Quand l'esbroufe s'érige en mode de gouvernance

«Impossible ! Personne ne peut travailler, on forme des équipes, chacun a sa mission, son geste, mais on se complète ; si un de nous rate, la chaîne est rompue ; ça ne marche pas», renchérit l'une d'entre elles. Il est difficile de croire que le corps médical a depuis de longues années fonctionné dans cette atmosphère de déliquescence effroyable sans réagir. Les malades s'en sont pourtant plaints depuis très longtemps. Les hôpitaux ont toujours été des mouroirs. Beaucoup ne s'en sortent pas vivants à cause de l'absence de moyens, du laisser-aller, de l'arrogance, de la suffisance, de la prétention et d'un orgueil mal placé. Le tout est diligenté par une gestion politique incompétente, esbroufeuse et désuète. Les politiques publiques de tous les secteurs n'ont jamais été évaluées. La réforme hospitalière ne l'est que par le nom.
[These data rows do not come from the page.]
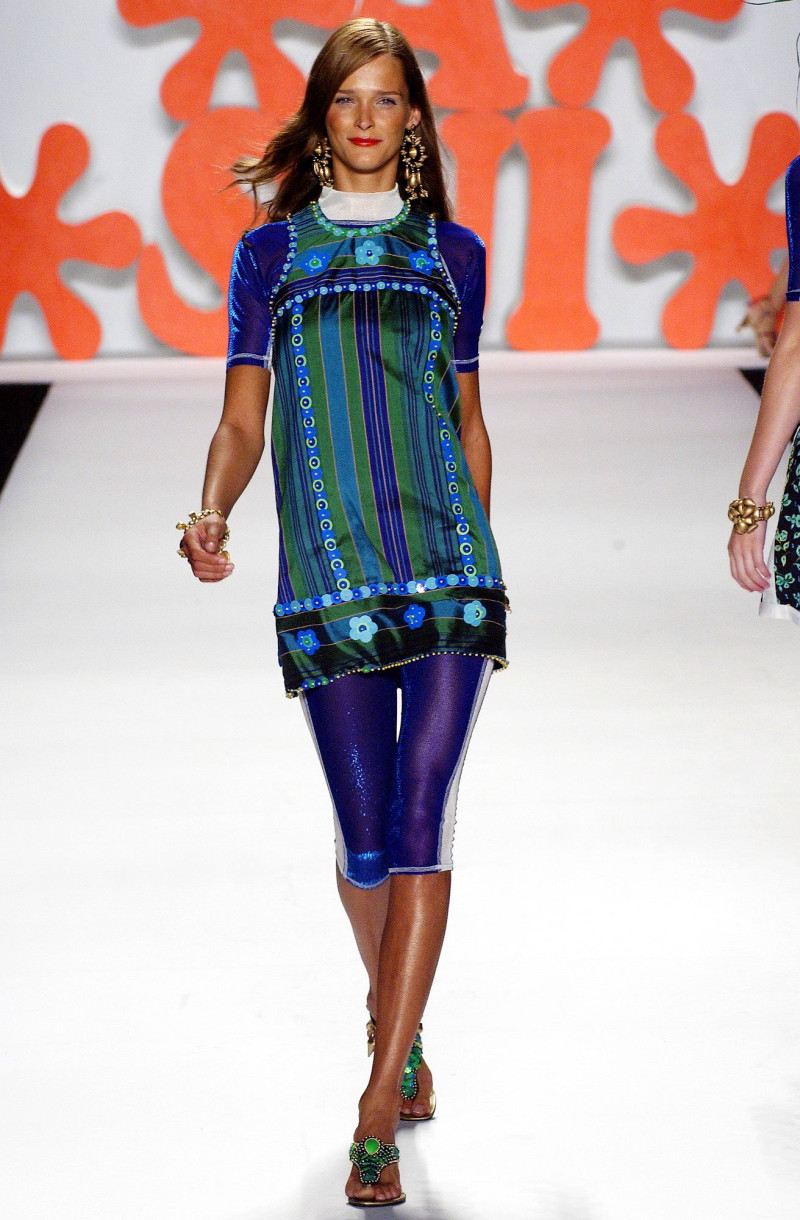 Anna Sui fashion show for Spring/Summer 2004
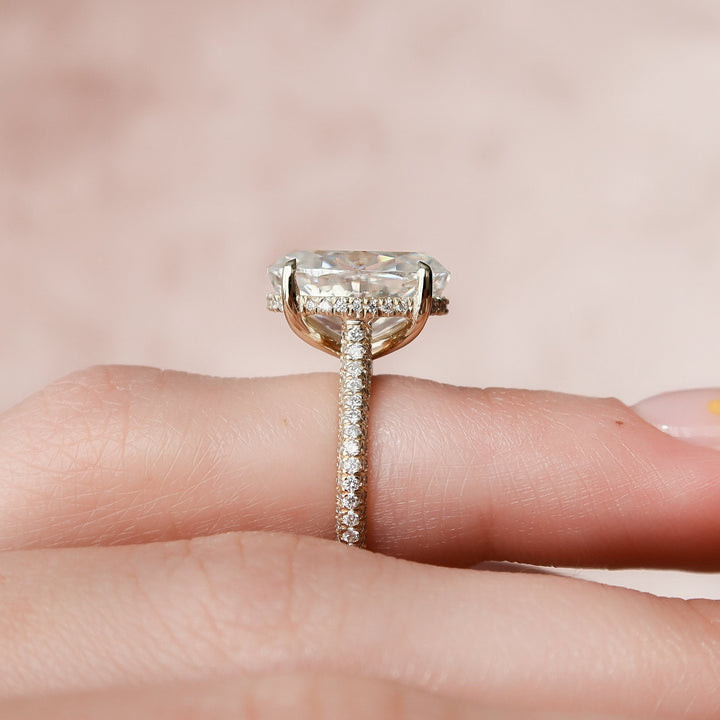5 CT Oval cut Moissanite Engagement Ring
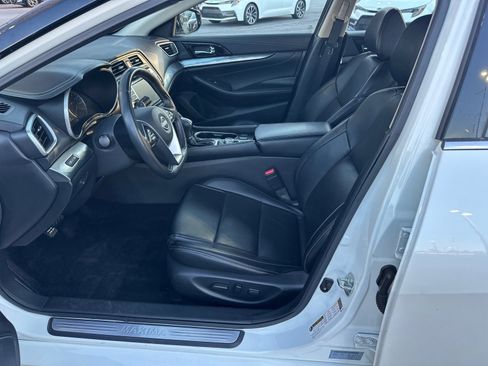 Used 2023 Nissan Maxima SV w/ Floor Mat Group image 9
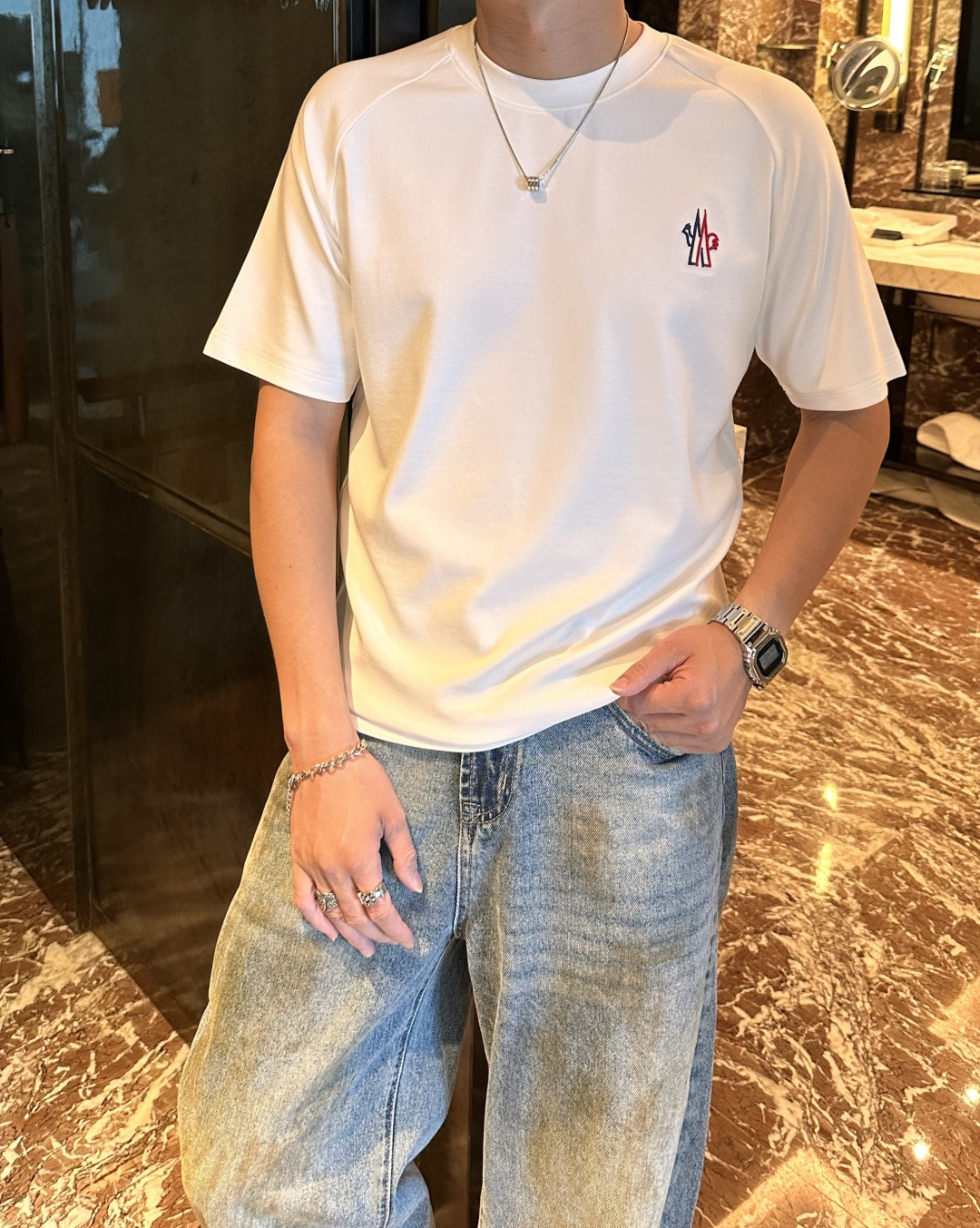 蒙口 2025秋冬 男士短袖 专柜的最经典系列 最简单基础的经典款 很简单 重点看面料这次我们拿到的原厂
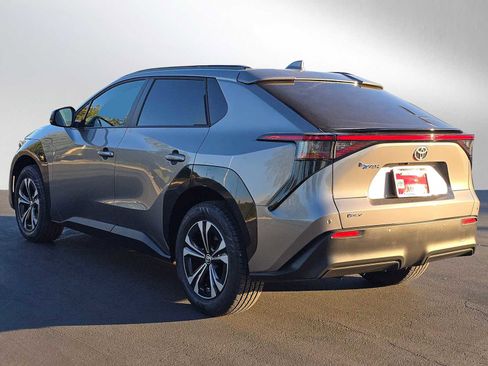 Used 2024 Toyota bZ4X XLE image 5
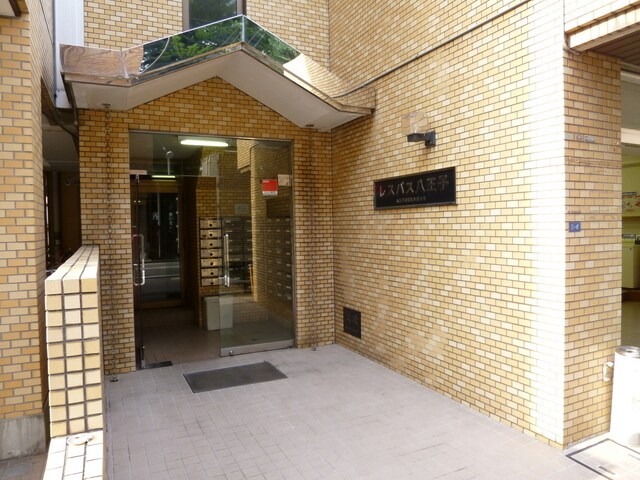 物件外観写真4　(エントランス)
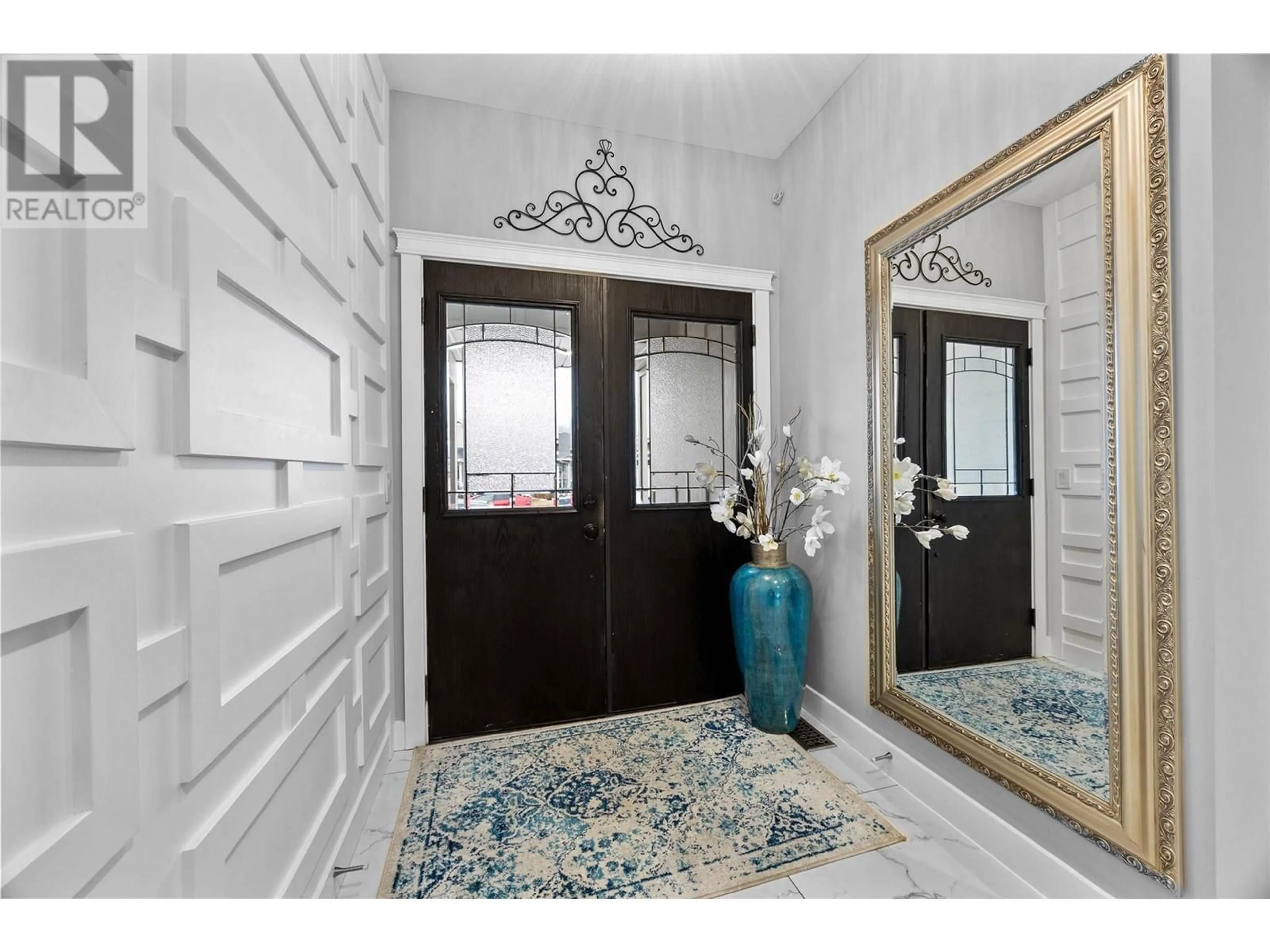 Indoor entryway for 1532 EMERALD DRIVE, Kamloops British Columbia V2E0C1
Le gouvernement semble faire l'autruche à chaque fois qu'un vent de mécontentement souffle sur le pays. Le temps que la bourrasque passe. Mais les dégâts sont énormes et les séquelles indélébiles. Les corps de la santé continuent de s'agiter l'un après l'autre. Aujourd'hui et demain, ce sont les internes en médecine qui tiennent le piquet de grève. «Considérant la situation précaire que vit l'interne en médecine, la charge considérable de travail qu'il endosse en effectuant parfois des tâches qui ne relèvent pas de ses devoirs(…), considérant les conditions désastreuses dans lesquelles nous sommes amenés à effectuer nos gardes(…), et enfin, devant l'injustice dont souffrent nos aînés les résidents et devant le silence assourdissant de la tutelle face à leurs revendications(…), de ce fait, nous recourons à une grève de deux jours (6 et 7 février en cours ndlr)(…)», écrivent-ils dans leur communiqué du 29 janvier dernier. «Cette grève pourrait être renouvelable en l'absence de solutions sérieuses de nos revendications légitimes», préviennent-ils. Statut de l'interne, confection de la charte de l'interne, encadrement pédagogique et meilleure formation(…), un présalaire et une prime de contagion(…), amélioration des conditions d'exercice des gardes(…), sont, entre autres revendications, consignées dans ce communiqué. La contagion est bien là. Le secteur poursuit sa déconfiture sous le poids des mouvements de contestation et confirme si besoin qu'il a perdu tous ses repères à commencer par l'éthique et l'humilité qu'il se doit de faire valoir.